Late Monday night, with no fanfare or public ceremony, Governor Ron DeSantis signed a bill into law that requires out-of-state retailers to collect Florida’s sales tax on on-line purchases.
This comes in sharp contrast to earlier in the day when the Governor, surrounded by uniformed law enforcement officers, members of his cabinet and Florida Legislators gathered for congratulatory speeches and the official signing of the Anti-Riot bill into law.
But collecting taxes is not an issue that draws unquestioned Republican support like supporting law enforcement does.
Senate Bill (SB) 50 was designed to prevent a 700 percent surge in unemployment taxes for Florida businesses this year, create a fair playing field with out-of-state businesses and ensure necessary compensation is available for Florida workers seeking re-employment.
Known as the Wayfair Bill, SB 50 promotes what the sponsor calls a “fair climate” for those doing business in Florida by ensuring that all entities doing business in Florida, whether brick and mortar or online, collect and remit to the state sales taxes for online purchases. Specifically, the bill requires out-of-state retailers and marketplace providers with no physical presence in Florida to collect Florida’s sales tax on sales of taxable items delivered to purchasers in Florida if the out-of-state retailer or marketplace provider makes a substantial number of sales into Florida.
The new law green-lights the collection of approximately $1 billion of uncollected sales tax from out-of-state retailers which will be deposited into Florida’s Unemployment Compensation Trust Fund annually until the Trust Fund is replenished to pre-pandemic levels or the year 2025, whichever comes first. Replenishing the trust fund will prevent an automatic increase in unemployment (reemployment assistance) taxes facing businesses, while ensuring that the fund remains solvent for employees when they need to claim their benefits. The plan uses uncollected taxes that are already due to the state to help relieve an unforeseen tax burden for businesses with a physical presence in the state.
After the trust fund is replenished, revenue from the sales tax will be used to reduce the business rent tax.
Political pundits and critics of the bill say that the Governor’s signing of this bill is a political mistake, and he will be attacked for “raising taxes” on Floridians.
But technically, the bill does not raise taxes. It simply collects taxes already due according to long-standing state law.
Florida TaxWatch President and CEO Dominic M. Calabro, a nonpartisan tax watchdog organization, says to characterize this bill as a tax increase is “blatantly false. In fact, taxpayers should thank the legislative leaders and the Governor for removing a serious taxpayer penalty (up to 50 percent) and interest and extraordinary administrative burden and placing it on out-of-state remote sellers. Thus, it also levels the playing field for Florida based businesses and nearly one million Florida retail employees and helps their families and communities, while also helping fund core functions of the state of Florida.

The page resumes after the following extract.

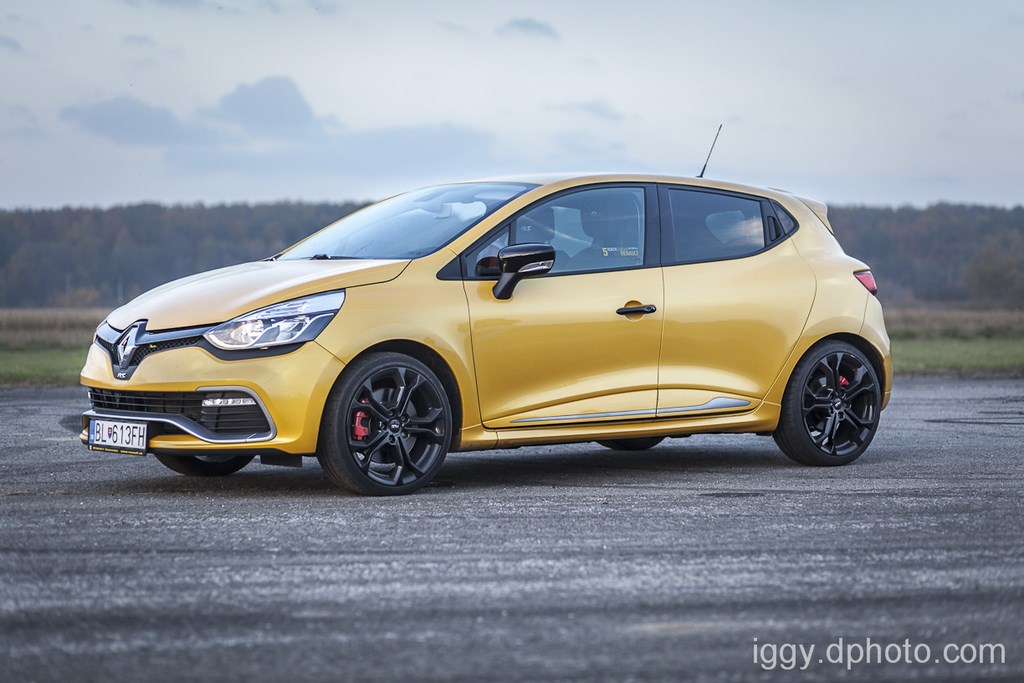 Renault Clio R.S. 1.6 Turbo EDC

“As Florida TaxWatch has said for 20 years, the non-collection of sales taxes on sales to in-state customers by remote (out-of-state) sellers has been one of the most significant tax compliance and collection issues facing Florida and other states for many years. Today, Florida joins the 43 other states that have acted on this critical issue, and most importantly, puts the burden of tax collection on the out-of-state sellers, where it belongs.”
“Under the law, online purchases are not tax-free. When government turns a blind eye on collecting taxes, businesses and Floridians who are following the law face a heavier burden. Collecting existing taxes that are owed is the right thing to do,” said Senate President Wilton Simpson (R-Trilby). “However, rather than treating additional revenue that is already owed to the state as a windfall, the prudent thing to do is to reinvest these funds in our Unemployment Compensation Trust Fund, helping businesses survive a situation no one could have anticipated, and shoring up benefits for the struggling Floridians who have lost their jobs as a result of this pandemic. This bill will complement legislation proposed in the Senate to increase the weekly unemployment benefit from $275 to $375.”
According to the Senate President’s office, Florida’s existing unemployment (reemployment) tax is paid by employers and the tax collected is deposited into the Unemployment Compensation Trust Fund for the sole purpose of paying reemployment assistance benefits to eligible claimants. A specific rate, calculated annually, is charged by the state to the employer on the first $7,000 of wages paid to each employee.
Unfortunately, the decline in the balance of the fund caused by the pandemic triggered an increase of nearly 700 percent in rates for all employers beginning in January 2021. The rates are projected to increase even further over the next few years until the fund is replenished to pre-pandemic levels.
In the six-month period before April 2020, Florida’s average monthly reemployment assistance benefits expense was $27.2 million. Beginning in April 2020, Florida’s monthly reemployment assistance benefits expense increased by 800 percent, and at times, the increase exceeded 2,000 percent. Florida’s reemployment assistance benefits expense remains 473 percent over the six-month average benefit amount before April 2020, and is estimated to continue at elevated levels for the foreseeable future.